The Times added that Van Rompuy’s office “released parts of his speech in which he talked of funding social welfare from new green taxes and went on to discuss ‘financing levies at European level’ …. Mr. Van Rompuy added: ‘[T]he possibility of financial levies at European level needs to be seriously reviewed and, for the first time ever, the big countries in the Union are open to this.’” For “the big countries,” substitute the reality: Germany and its lackey France!
EurActive pointed to the fact that, without being yet granted these powers, “Van Rompuy has already taken on such a role in practice, presiding over the July 21 extraordinary eurozone summit which adopted a second bailout package for Greece. France now reportedly wants Van Rompuy to continue playing such a role but with a clear mandate and institutional backing” (op. cit.).
Well, the August 16 agreement between Germany and France sets the mandate and gives the institutional backing to the office of president of the European Council.

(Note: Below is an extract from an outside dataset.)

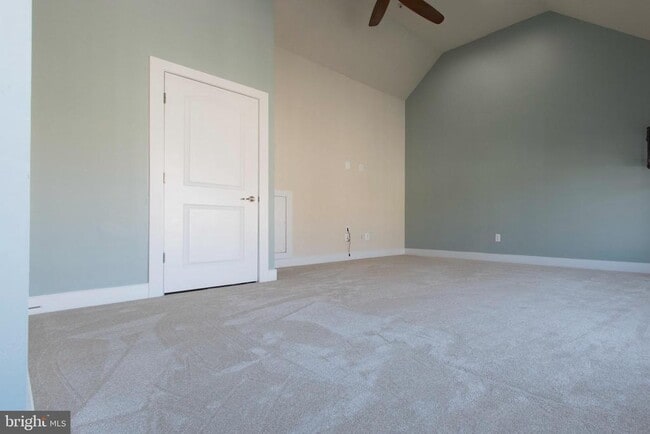 Building Photo - 408 Hendrix Ave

But it is German government policy that is the driving force behind the effort for economic governance of the EU, giving it the power to set and impose budgetary and tax rules. Herman Van Rompuy is but the puppet at present in the EC president’s chair who conveniently exhibits a taxation mentality. In the normal course of events he will only hold that job for 2½ years before it falls open for the representative of another eurozone member nation to take it over.

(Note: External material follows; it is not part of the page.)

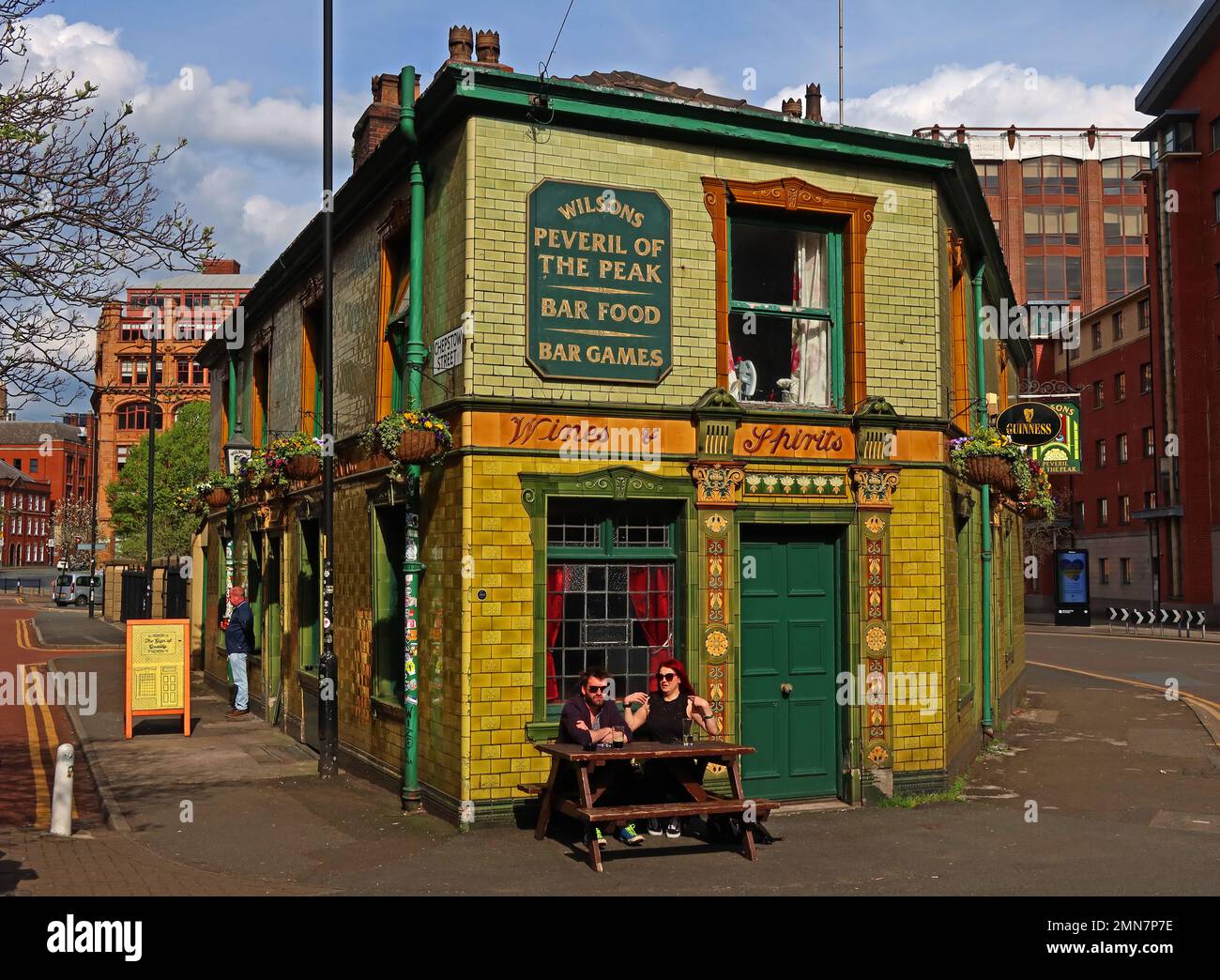 Pub iconico Manchesters - il Peveril of the Peak, bar piastrellato verde al 127 di Great Bridgewater St, Manchester, England, UK, M1 5JQ Foto Stock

Now this is particularly intriguing when we place the prophecy of Daniel 11:20 into its current-day time perspective, which verse 13 renders in the Authorized King James “after certain years,” but in its corrected version direct from the Hebrew reads “at the end of times.”
Thus, “at the end of times” a “raiser of taxes” is going to come on the scene attached to the “king of the north” (verse 13). Yet this “raiser of taxes” is not going to remain in office very long (verse 20). His office is to be taken over by another described as a “vile person.”
Think on this.
By the end of August the office of president of the European Council will preside over the newly consolidated fiscal and political union in Europe which the best of commentators are agreeing places Germany in the seat of imperial power over all Europe. Though the present incumbent is, conveniently for German policymakers, a declared supporter of raising taxes, he does not innately possess the political power, the majority support, nor the leadership charisma within the EU to be sustained for long in that powerful position. If Van Rompuy fails to effectively use the newly enhanced power of the EC presidency, it just may result in a crisis that demands a much stronger and forceful personality take on the role.

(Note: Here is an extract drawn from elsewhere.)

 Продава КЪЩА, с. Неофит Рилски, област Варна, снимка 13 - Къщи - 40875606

Is the position of president of the European Council being prepared at this moment for a much more powerfully influential personality to take on in the near future? One who will truly assert his position by wearing the crown of Charlemagne, that very symbol which Otto von Habsburg declared was the most potent of unifying symbols within Europe, the crown of the Holy Roman Emperor?
It yet remains for this future king—the “emperor”—to make his move. A powerful office is now being prepared—being given, in the pope’s words, real teeth—for a strong man in Europe. Watch to see who will replace Herman Van Rompuy in that powerfully enhanced role of president of the European Union in time to come. The indications are that the result will powerfully reinforce Germanic power in Europe.